Ci vorrà un anno e mezzo di tempo, scandito da ulteriori battaglie sindacali, giudiziarie e politiche, perché il Governo muovi una foglia: il 20 agosto 2024 il ministero della Salute ufficializza infatti la nomina di un atteso Commissario straordinario nazionale, il direttore dell’Istituto Zooprofilattico di Terni Luigi D’Alterio che dovrà occuparsi della brucellosi bovina, bufalina, ovina e caprina, e della tubercolosi bovina e bufalina in tutto il Paese. Nel casertano c’è chi esulta comunque (“Qualcosa si muove”) e chi non nasconde il proprio scetticismo. Il tempo dirà.
LATTE IN SVENDITA. Ma intanto una nuova e probabilmente più pesante tegola torna ad abbattersi sugli allevatori bufalini, questa volta anche salernitani: la decisione dei produttori di mozzarella di bufala campana Dop, cioè di non pochi tra i più facoltosi caseifici campani, di pretendere un ribasso del prezzo del latte di bufala alla stalla, pena la mancata proroga dei contratti di acquisto. I frigo, sostengono, sono già pieni di latte congelato e si sa, non si può utilizzare per la mozzarella Dop.

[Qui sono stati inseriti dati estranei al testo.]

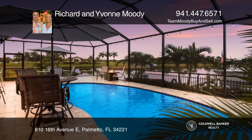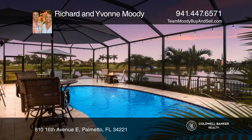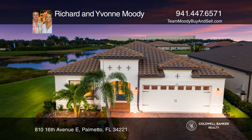Live the Florida lifestyle in a new boating community. Come see all this home has to offer with Richard and Yvonne Moody.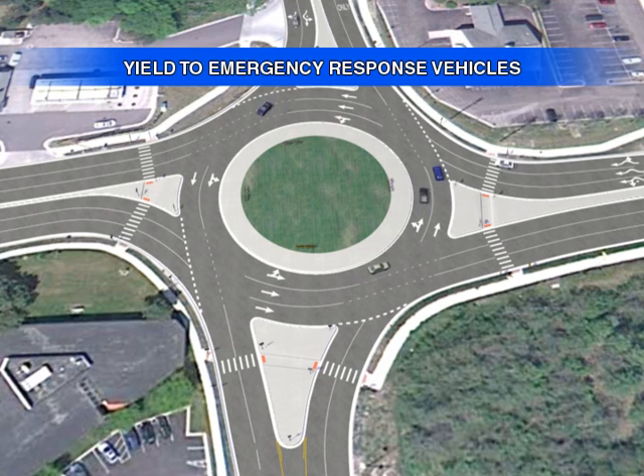Also, it is important to remember that if an emergency response vehicle is approaching while you are in a roundabout, complete your turn before you pull over and come to a complete stop. Roundabouts are another form of an intersection, so do not stop in the middle of a roundabout, as you may be blocking emergency vehicles.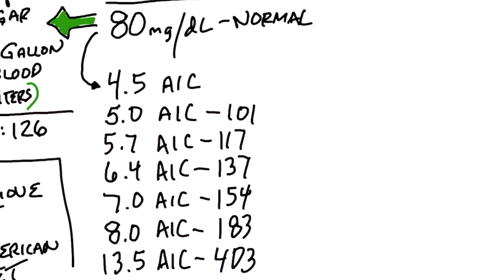A normal blood sugar should be roughly 80–85 milligrams per deciliter, which corresponds to about a 4.5% A1c — much lower than the 5.7% borderline between normal and prediabetes. As blood sugars go up, A1c goes up. An A1c of 7.0% means blood sugars around 154. An A1c of 13.5% means blood sugars over 400 — very, very high.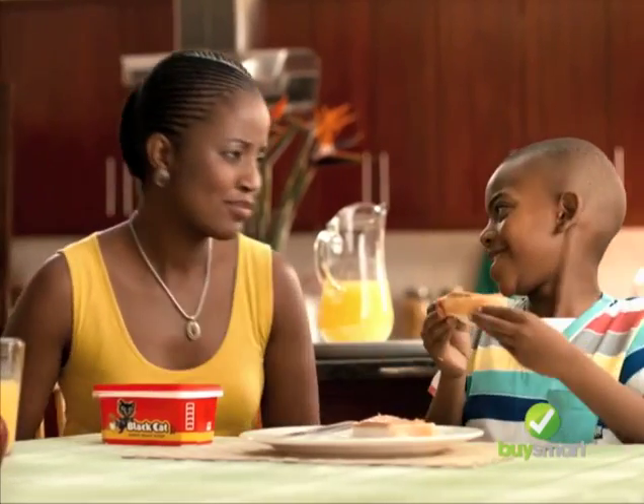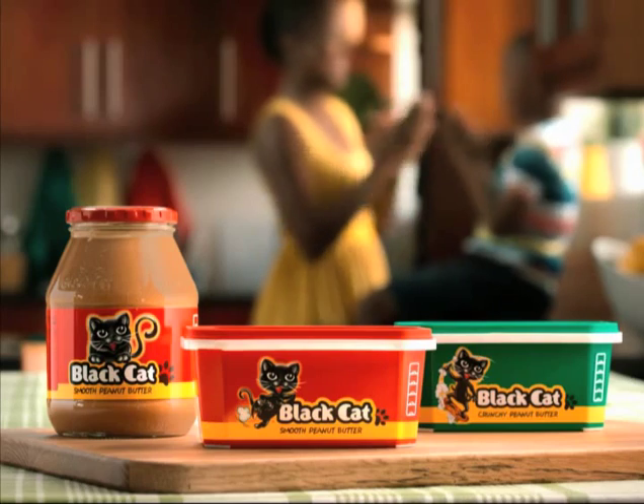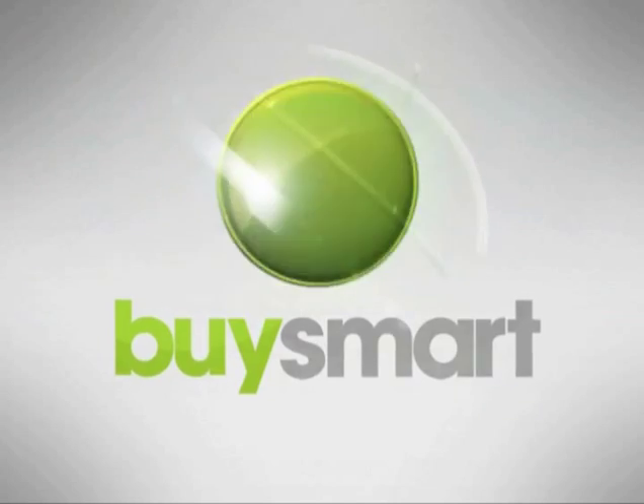Great value brought to you by your favorite Black Cat. Buy Black Cat Peanut Butter. If it's on our list, make sure it's on yours.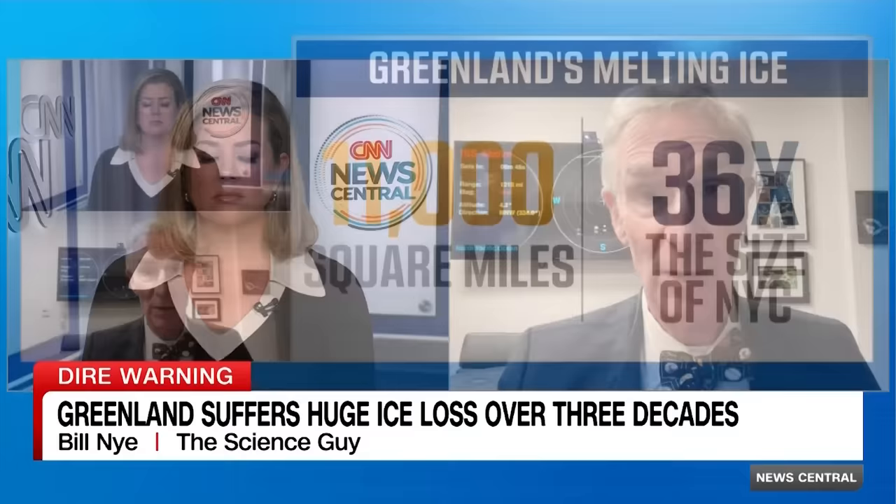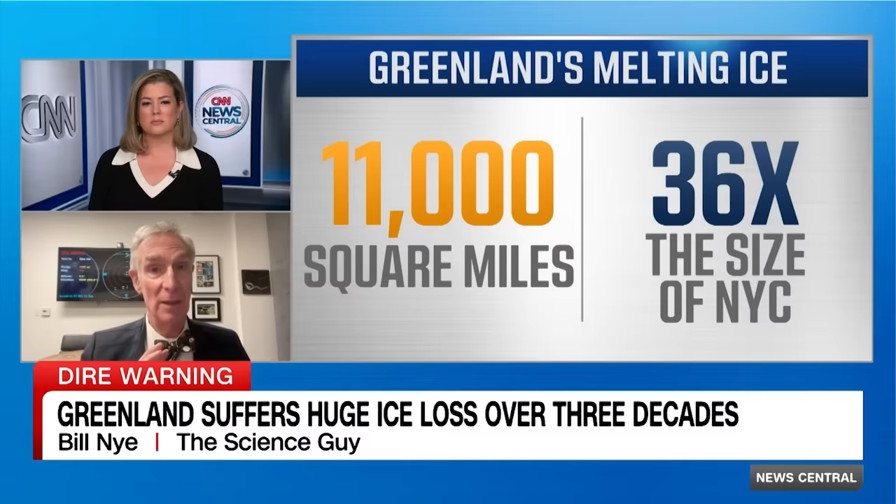If you want to do something about it, two things: talk about it. If we were talking about climate change the way we talk about other very important issues, we'd be doing something about it. And then the thing to do is vote. We have people running for president in the world's most influential country who won't even talk about climate change, let alone talk about what they're going to do about it.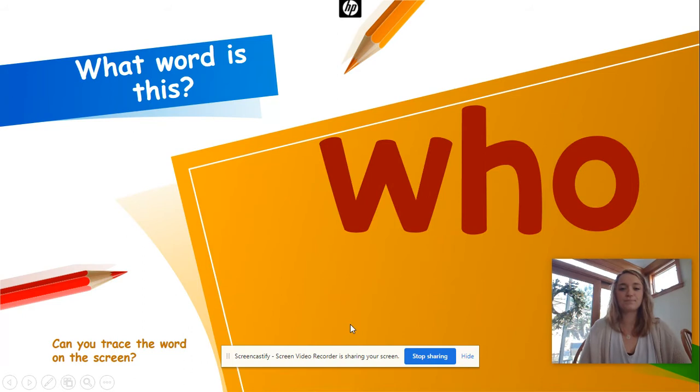Good job! What word is this? Who! Can we spell chant it? W-H-O, who, who, who. One more time: W-H-O, who, who, who. Okay, take that finger, let's write it: W-H-O, who, who, who. Good job!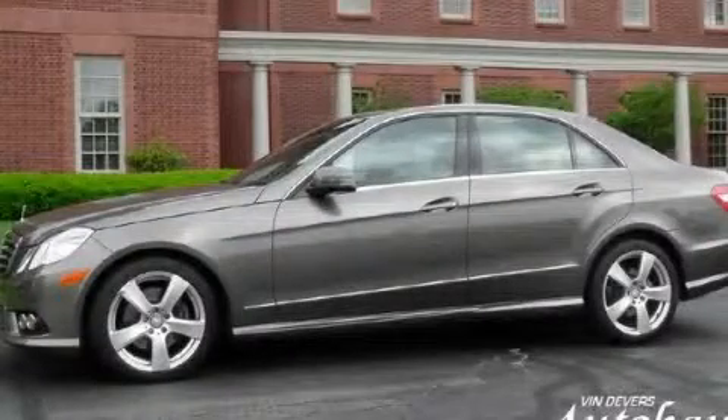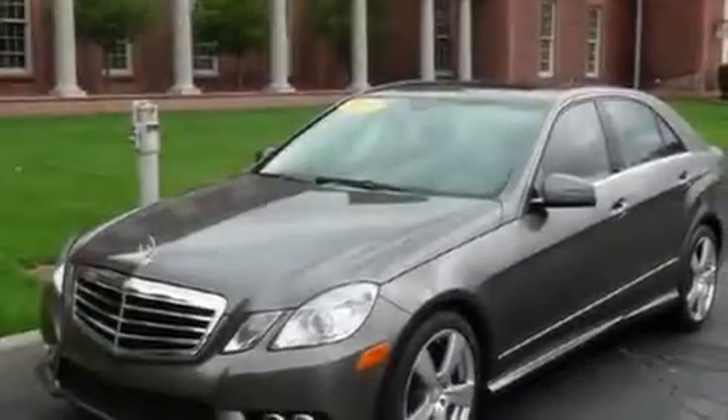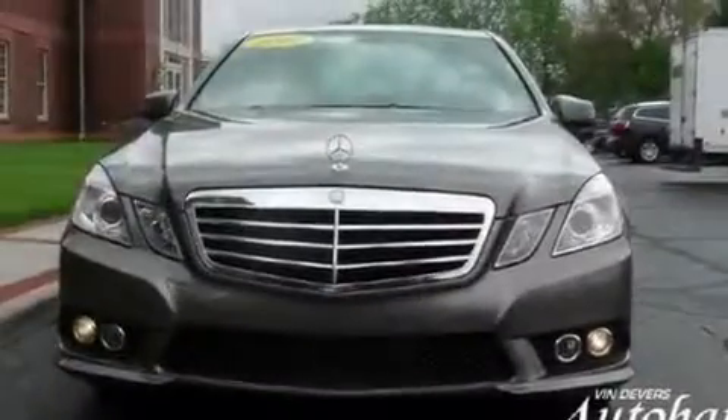This is a 2010 Mercedes-Benz E350 with great fit and finish. It has a 3.5-liter six-cylinder engine and an automatic transmission.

E’ l’ennesimo colpo mortale ai danni degli allevatori bufalini, già prodotto egualmente nel 2014, che torna a consumarsi oggi nel silenzio o quasi dei sindacati (sono in pochi quelli che gridano allo scandalo) e del Consorzio di Tutela della Mozzarella di bufala Dop. Quest’ultimo pronto a ritentare la carta della modifica del disciplinare dell’oro bianco, manovra già respinta dal ministero dell’Agricoltura nel maggio 2019, per consentire l’uso del latte congelato per la produzione della mozzarella Dop. E magari concedere ai caseifici la possibilità di produrre mozzarella Dop, non già “filandola” come da tradizione, ma anche per fusione in appositi macchinari a vapore, i fusori, dai quali, a parità di latte, si riuscirebbe ad ottenere una quantità maggiore di prodotto, ben 7 chili in più per quintale di latte, con buona pace di chi denuncia la possibilità di potervi infilare di tutto di più senza possibilità che le analisi possano rilevarlo. Un po’ come potrebbe accadere con il ricorso al latte congelato: nemmeno un nobel della chimica potrebbe infatti stabilire se quella mozzarella sia stata realizzata con latte fresco, come buona regola e tradizione vuole, o con un prodotto congelato.
LA DOMANDA, che si consuma tra gli interessi di alcuni e il rischio estinzione di altri in un contesto politico pressoché ignavo ed di una magistratura invocata a squarciagola da chi non ce l’ha fatta o rischia la strada, è: che fine farà l’oro bianco della Campania? E i suoi minatori? Le prossime settimane ci diranno di più.